I do not have any experience with LTO-2, but I have seen a lot of LTO-4 drives fail in a fashion that would cause a sudden 25% drop in tape capacity. Since you appear to also see exactly 25% drop in tape capacity it is possible that your LTO-2 drive is failing in the same way as the LTO-4 drives I have seen.
An LTO-4 drive will write tracks on the tape in alternating directions. A total of 28 tracks in each direction will be written before the tape is full, and each pass from end to end takes approximately 2 minutes.
The drive will read back all the data it has just written and in case the quality is not good enough the firmware will write another copy transparently to the backup software.
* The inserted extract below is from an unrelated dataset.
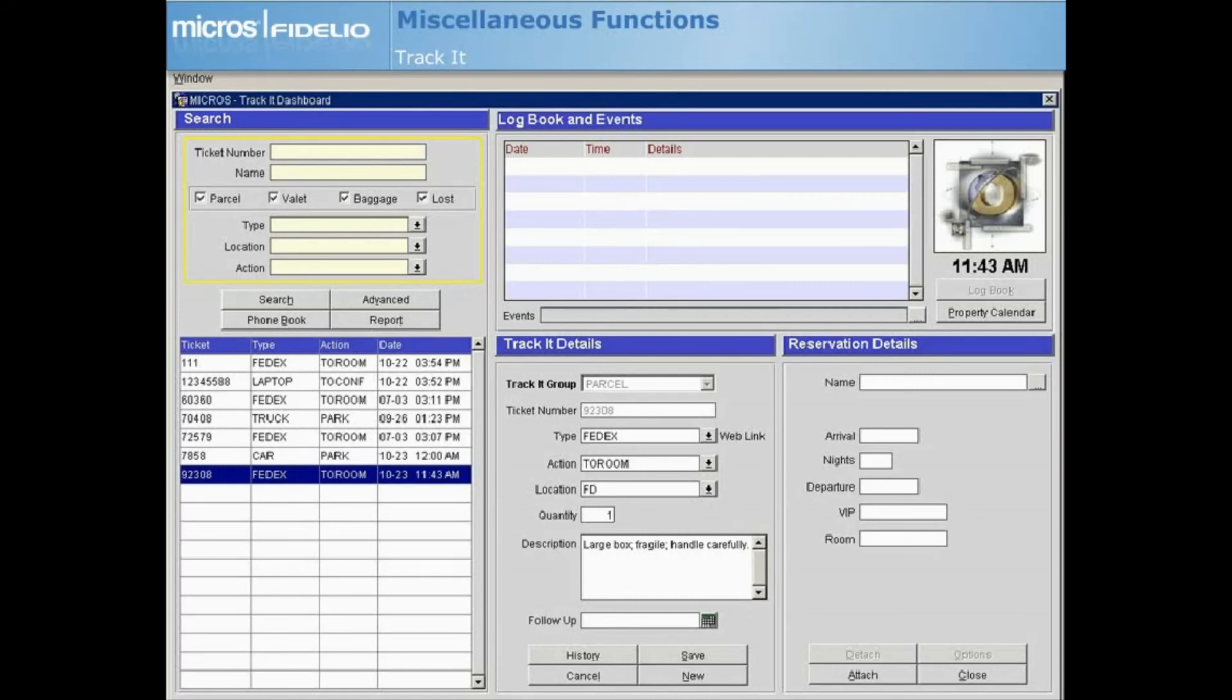Both the logbook and property calendar are available from the Track It dashboard. Logbook information for the current date displays in the grid by default. However, we will discuss this more within the logbook lesson.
This will lose some capacity but protect against many cases of data loss.
However as the drive heads wear down it will reach a point where the firmware will always need to write two copies of every block written, but only in one direction.
Careful measurements of the writing speed would show alternation between the nominal 120MB/s in one direction and 60MB/s in the other direction. If you can feed data to the drive fast enough to ensure that it is always the drive which is the bottleneck, then this distinctive pattern in writing speed is the most reliable way to detect a worn down tape head.